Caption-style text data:
▼

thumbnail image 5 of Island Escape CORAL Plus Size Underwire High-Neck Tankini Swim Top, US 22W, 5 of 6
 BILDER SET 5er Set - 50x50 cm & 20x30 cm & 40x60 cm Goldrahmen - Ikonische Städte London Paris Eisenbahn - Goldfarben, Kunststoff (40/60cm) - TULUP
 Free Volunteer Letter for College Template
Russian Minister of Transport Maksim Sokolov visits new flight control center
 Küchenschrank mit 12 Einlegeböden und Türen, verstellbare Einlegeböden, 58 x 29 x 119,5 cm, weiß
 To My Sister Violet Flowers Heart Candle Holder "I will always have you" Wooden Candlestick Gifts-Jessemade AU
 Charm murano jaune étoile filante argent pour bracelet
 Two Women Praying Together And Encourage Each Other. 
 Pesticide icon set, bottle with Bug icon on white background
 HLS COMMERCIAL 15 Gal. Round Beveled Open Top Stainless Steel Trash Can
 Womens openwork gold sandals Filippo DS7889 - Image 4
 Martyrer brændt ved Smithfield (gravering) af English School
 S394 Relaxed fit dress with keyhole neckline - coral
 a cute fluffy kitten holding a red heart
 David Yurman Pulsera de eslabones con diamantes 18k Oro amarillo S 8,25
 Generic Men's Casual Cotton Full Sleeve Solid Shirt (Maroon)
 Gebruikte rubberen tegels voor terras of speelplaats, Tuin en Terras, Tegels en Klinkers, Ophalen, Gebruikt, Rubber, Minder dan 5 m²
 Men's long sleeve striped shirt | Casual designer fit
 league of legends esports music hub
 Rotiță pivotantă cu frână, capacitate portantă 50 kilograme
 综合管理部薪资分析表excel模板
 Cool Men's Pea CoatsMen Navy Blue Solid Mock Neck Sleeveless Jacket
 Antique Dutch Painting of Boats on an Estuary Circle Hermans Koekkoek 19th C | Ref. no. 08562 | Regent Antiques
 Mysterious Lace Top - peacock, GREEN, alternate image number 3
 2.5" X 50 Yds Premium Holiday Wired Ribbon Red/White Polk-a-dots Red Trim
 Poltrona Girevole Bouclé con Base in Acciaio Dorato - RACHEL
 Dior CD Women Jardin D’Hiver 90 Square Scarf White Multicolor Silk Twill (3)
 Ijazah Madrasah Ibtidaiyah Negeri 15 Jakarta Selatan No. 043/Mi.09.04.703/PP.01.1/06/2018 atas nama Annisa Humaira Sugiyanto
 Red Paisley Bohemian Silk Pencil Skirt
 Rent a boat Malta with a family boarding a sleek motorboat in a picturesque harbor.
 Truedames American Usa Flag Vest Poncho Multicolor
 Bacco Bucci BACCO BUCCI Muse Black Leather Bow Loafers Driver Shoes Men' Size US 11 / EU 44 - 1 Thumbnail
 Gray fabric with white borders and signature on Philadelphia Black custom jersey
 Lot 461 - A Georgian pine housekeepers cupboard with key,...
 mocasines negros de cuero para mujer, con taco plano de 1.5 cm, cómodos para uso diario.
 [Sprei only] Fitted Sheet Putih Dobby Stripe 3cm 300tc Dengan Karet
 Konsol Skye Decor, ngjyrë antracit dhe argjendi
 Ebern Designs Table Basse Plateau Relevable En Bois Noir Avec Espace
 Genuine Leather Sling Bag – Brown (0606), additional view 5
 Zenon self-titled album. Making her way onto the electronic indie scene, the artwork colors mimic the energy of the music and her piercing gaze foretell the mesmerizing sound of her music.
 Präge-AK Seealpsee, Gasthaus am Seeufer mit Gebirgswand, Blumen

▲

Work request:
Look above for the line with "S394 Relaxed fit" and the line with "Men's long sleeve". Retype those two lines and every line between them exactly, adding nothing.

Output of the exercise:
 S394 Relaxed fit dress with keyhole neckline - coral
 a cute fluffy kitten holding a red heart
 David Yurman Pulsera de eslabones con diamantes 18k Oro amarillo S 8,25
 Generic Men's Casual Cotton Full Sleeve Solid Shirt (Maroon)
 Gebruikte rubberen tegels voor terras of speelplaats, Tuin en Terras, Tegels en Klinkers, Ophalen, Gebruikt, Rubber, Minder dan 5 m²
 Men's long sleeve striped shirt | Casual designer fit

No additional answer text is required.